Der Protagonist David Hunter wird nicht sonderlich detailliert ausgearbeitet. Auch die anderen Figuren im Buch blieben eher blass und klischeehaft. Auffällig ist, dass jede von Simon Beckett beschriebene Figur irgendeinen Schicksalsschlag hinter sich zu haben scheint (oder dann jung stirbt).

Die Handlung ist angenehm spannend gestaltet, die Auflösung selbst ist sehr überraschend. Dies steigert zwar einerseits den Unterhaltungswert, bedeutet aber andererseits auch, dass der Autor mit Hinweisen auf den Täter sehr sparsam umgegangen ist. Auch die Ermittler im Buch finden den Täter und das Motiv schlussendlich durch reinen Zufall, und nicht durch ihre ermittlerische Tätigkeit (was bei maximal 10 potenziell Tatverdächtigen nicht übermässig anspruchsvoll gewesen wäre…). Blut fliesst nicht übermässig viel, so können sich auch etwas empfindlichere Gemüter an diesen Thriller wagen (aber nicht vergessen, es ist ein Thriller mit einem forensischen Anthropologen als Protagonisten, auch wenn die forensische Tätigkeit hier nur am Rande stattfindet, sehr sensiblen Lesern könnte es immer noch zu viel sein).

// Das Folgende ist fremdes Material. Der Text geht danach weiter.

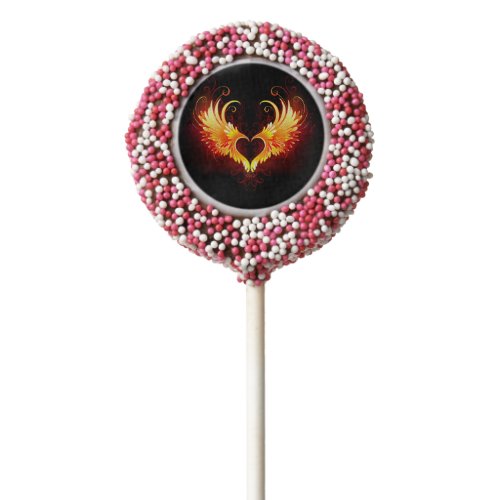Angel Fire Heart with Wings Chocolate Covered Oreo Pop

Der Schreibstil des Autors Simon Beckett liest sich flüssig, ist aber durch viele Wiederholungen und eher einfach gelagerte Sätze geprägt. Wer hier hochstehende Literatur sucht, wird nicht fündig, die David Hunter Reihe ist klar zur reinen Unterhaltung ausgelegt.

Mein Fazit

Spannender Thriller, der auf reine Unterhaltung ohne grossen Anspruch ausgelegt ist. Kann alleine oder auch als Teil der Reihe gelesen werden.